For the train, the time taken is $\dfrac{320}{x}$. For a car, the time taken is $\dfrac{600-320}{y}$.
So, after equating the total time with train and car time,we get
$\begin{aligned} & \dfrac{320}{x}+\dfrac{600-320}{y}=8+\dfrac{40}{60} \\\ & \dfrac{320}{x}+\dfrac{280}{y}=8+\dfrac{2}{3} \\\ & \dfrac{320}{x}+\dfrac{280}{y}=\dfrac{26}{3} \\\ & \dfrac{8}{x}+\dfrac{7}{y}=\dfrac{26}{3\times 40} \\\ & \dfrac{8}{x}+\dfrac{7}{y}=\dfrac{13}{60}\ldots (1) \\\ \end{aligned}$
Again, if the person travels 200 km by train and rests by car, then the time taken is 30 minutes more than the previous time.
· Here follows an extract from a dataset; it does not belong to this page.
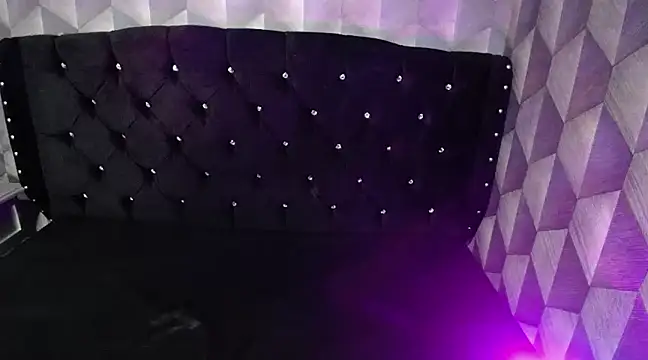 Sofiacowperx online show from February 2025 07:06:02 PM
Similarly we get,
$\begin{aligned} & \dfrac{200}{x}+\dfrac{600-200}{y}=8+\dfrac{40}{60}+\dfrac{30}{60} \\\ & \dfrac{200}{x}+\dfrac{400}{y}=8+\dfrac{2}{3}+\dfrac{1}{2} \\\ & \dfrac{200}{x}+\dfrac{400}{y}=\dfrac{55}{6} \\\ & \dfrac{1}{x}+\dfrac{2}{y}=\dfrac{55}{200\times 6} \\\ & \dfrac{1}{x}+\dfrac{2}{y}=\dfrac{11}{240}\ldots (2) \\\ \end{aligned}$
Multiplying equation (2) with 8 and subtracting it with equation (1), we get
$\begin{aligned} & 8\left( \dfrac{1}{x}+\dfrac{2}{y} \right)-\left( \dfrac{8}{x}+\dfrac{7}{y} \right)=\dfrac{8\times 11}{240}-\dfrac{13}{60} \\\ & \left( \dfrac{8}{x}+\dfrac{16}{y} \right)-\left( \dfrac{8}{x}+\dfrac{7}{y} \right)=\dfrac{88-13\times 4}{240} \\\ & \dfrac{16}{y}-\dfrac{7}{y}=\dfrac{36}{240} \\\ & \dfrac{9}{y}=\dfrac{3}{20} \\\ & y=\dfrac{20\times 9}{3} \\\ & y=60km/hr \\\ \end{aligned}$
Putting in equation (2), we get

& \dfrac{1}{x}+\dfrac{2}{60}=\dfrac{11}{240} \\\ & \dfrac{1}{x}=\dfrac{11}{240}-\dfrac{2}{60} \\\ & \dfrac{1}{x}=\dfrac{11-8}{240} \\\ & \dfrac{1}{x}=\dfrac{3}{240} \\\ & x=\dfrac{240}{3} \\\ & x=80km/hr \\\ \end{aligned}$$ Therefore, the speed of the train is 80 km/hr. Note: This problem could be alternatively solved by letting $u=\dfrac{1}{x}\text{ and }v=\dfrac{1}{y}$. In this way, we obtain two linear equations in simplified form $\left( ax+by+c=0 \right)$. Now by applying simple substitution, we can obtain the answer with less complexity and reduction in calculation.